Data Design & Modeling
Data design and modeling provides the foundation for representing, storing and managing structured, semi-structured and unstructured data. Data can be persistent or volatile, processed in batches or in continuous streams. Students will learn how to select appropriate data management solutions to deal with scalability, availability, consistency, performance, and expressiveness requirements.

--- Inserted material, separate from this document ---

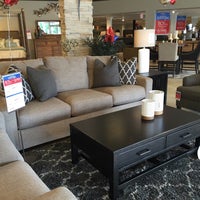 Ashley S Furniture Furniture Home Store In Eatontown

- big data dimensions: volume, velocity, variety, and veracity
- CRUD primitives (create, read, update, delete) implemented at scale
- ACID/BASE transactional properties of existing SQL/NOSQL data management technologies
- No-SQL data models and technologies
- sharding and replication strategies
- data analysis pipeline: Acquisition, Integration, Exploration, Mining, Analytics, Interpretation and Visualization
- data quality, provenance, wrangling, and cleansing to ensure data is worthy of trust
Besides the introductory classes, students will experiment with big data technologies with hands-on use cases and practical use of cloud big data platforms.
The exam will consist in a written session where theory questions and exercises will be responded by students on paper. The written exam will account for 70% of the mark. Along with the course, project work activities will be carried out by students in groups. This will count for 30% of the mark.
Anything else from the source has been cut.